Samsung / ONE

On-device Neural Engine
Other
435 stars 157 forks source link

[compiler] introduce sparsifier (converter for sparsity) #3598

Closed glistening closed 4 years ago

glistening commented 4 years ago

I would like to introduce kernel that works for sparse tensor, especially for sparse weight fully connected. For more, see #3597. I will start based on sparsity of tflite, which is already our part of both tflite and circle.
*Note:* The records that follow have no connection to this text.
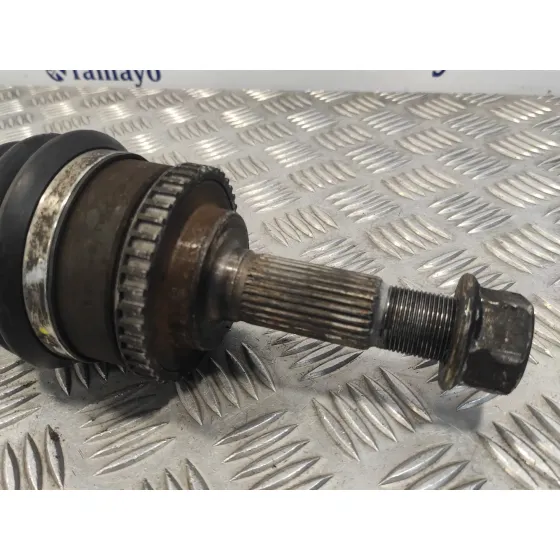 Transmision Delantera Izquierda para Nissan Primera Berlina (P12)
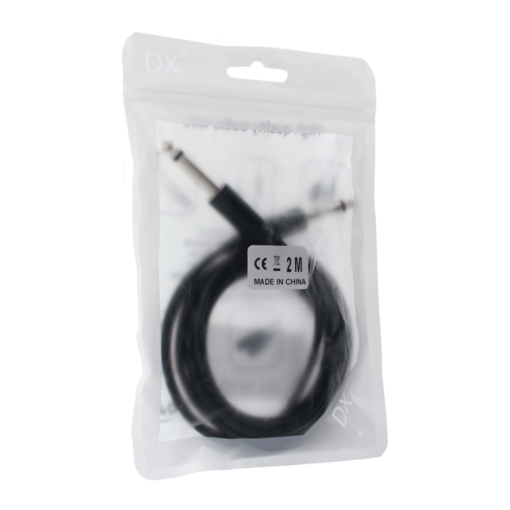 Audio kabl 6.3mm JWD-AU19 2m - Image 2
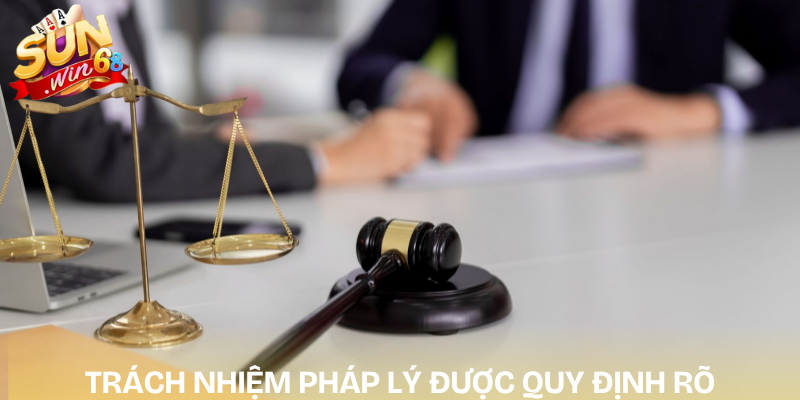 Chính Sách Miễn Trừ Trách Nhiệm Sunwin Mới Nhất Năm 2026 3 mien-tru-trach-nhiem-sunwin-trach-nhiem-phap-ly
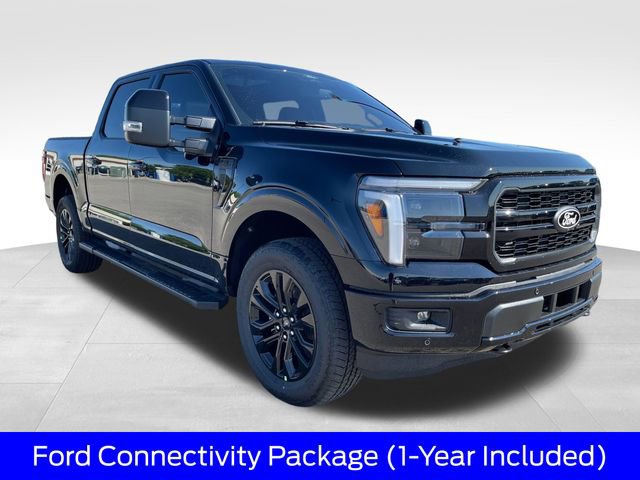 New 2026 Ford F150 Lariat w/ Equipment Group 502A High AWD/4WD image 7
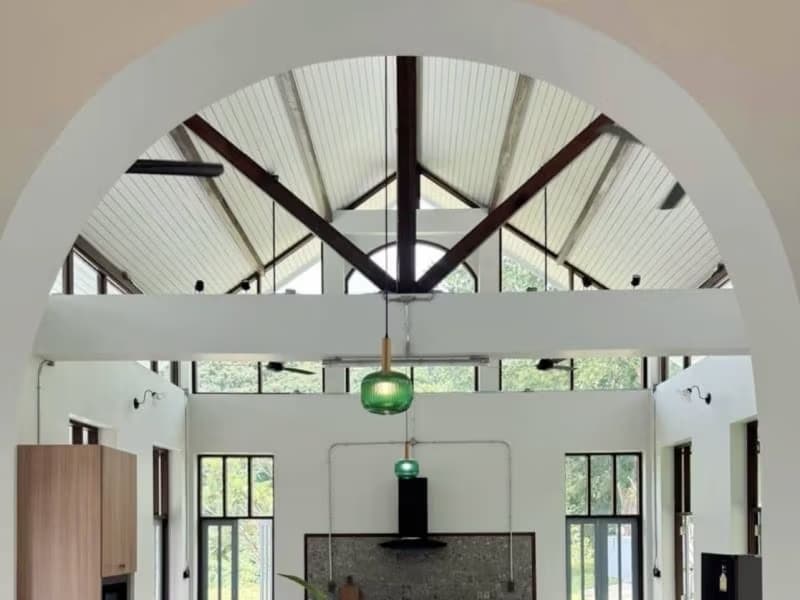 4 Bed House for Sale in Mae Rim District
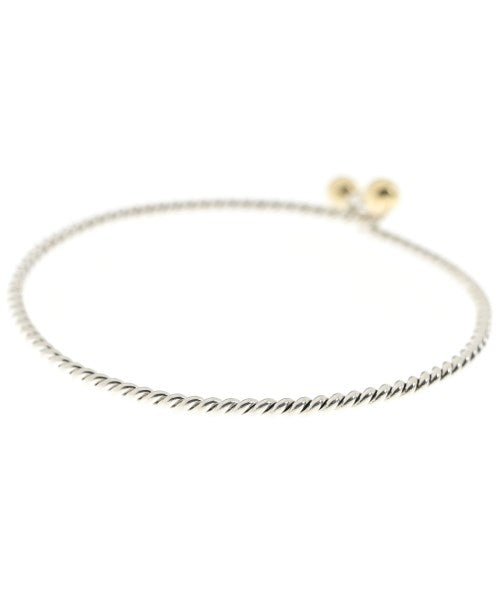 TIFFANY & CO. 手環/手鍊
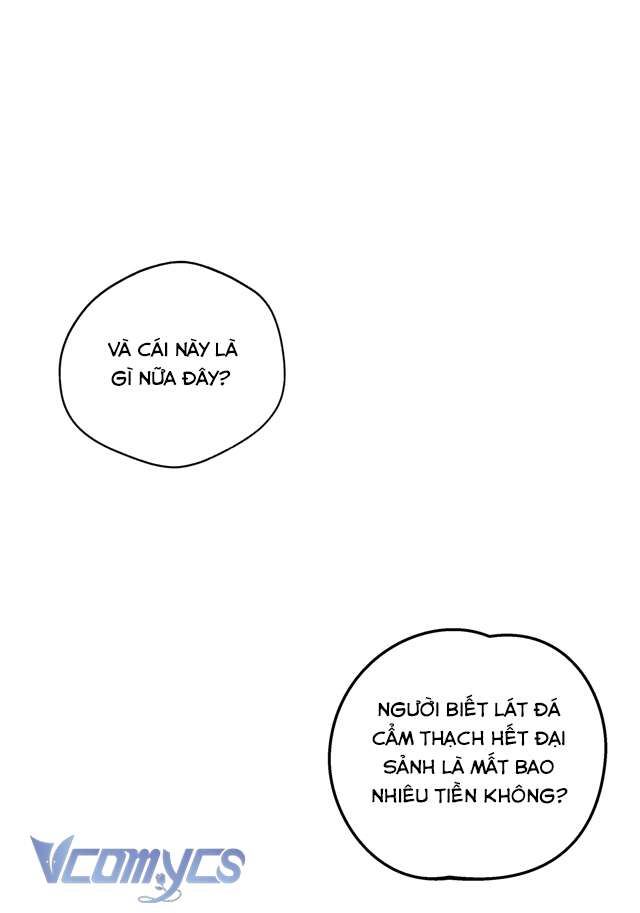 Dưới Bóng Cây Sồi Chap 19 - Trang 4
If I decide to use tflite's, it will be format of CSR. See the comment from schema.fbs.

// Sparse tensors.
// We use a modification of the TACO format.
// Reference: http://tensor-compiler.org/kjolstad-oopsla17-tensor-compiler.pdf
//
// To encode a conceptual n-dimensional dense tensor with dims (d0, ..., dn-1),
// potentially with a k-dimensional block (0 <= k <= n) with dims
// (dn, ..., dn+k-1), the format needs to specify:
//   1. In what order to traverse these dimensions. For example, to store a 2-D
//      matrix in row major order, the traversal order would be (d0, d1),
//      whereas to store it in column major order, the traversal order would be
//      (d1, d0). If the 2-D matrix has a 2-D inner block, the traversal order
//      could be (d0, d1, d2, d3).
//   2. How each block dimension in (dn, ..., dn+k-1) maps to the original
//      tensor dimension in (d0, ..., dn-1).
//   3. In the traversal order defined above, the format (dense vs. sparse) and
//      index metadata for each dimension. For a dense dimension, this is just
//      the size of that dimension. For a sparse dimension, it's the same as
//      the compressed index defined in the Compressed Sparse Row (CSR) format.
//      (http://scipy-lectures.org/advanced/scipy_sparse/csr_matrix.html)

// The storage type for a dimension. Currently we support:
//   1. DENSE: each coordinate in this dimension is stored implicitly.
//   2. SPARSE_CSR: only the coordinates with non-zero elements are stored. The
//      compression technique is the same what CSR uses.
// More types like a sparse dimension with a different compression technique
// could be added to the list in the future.

Then, it may be simple at least in python because it could be done with existing implementation. ( As of tensorflow v2.3, tensorflow lite does not provide converter for sparsity. )

However, it is likely that I use similar but somewhat modified version of format. I will write additional information here in comment after I investigate more.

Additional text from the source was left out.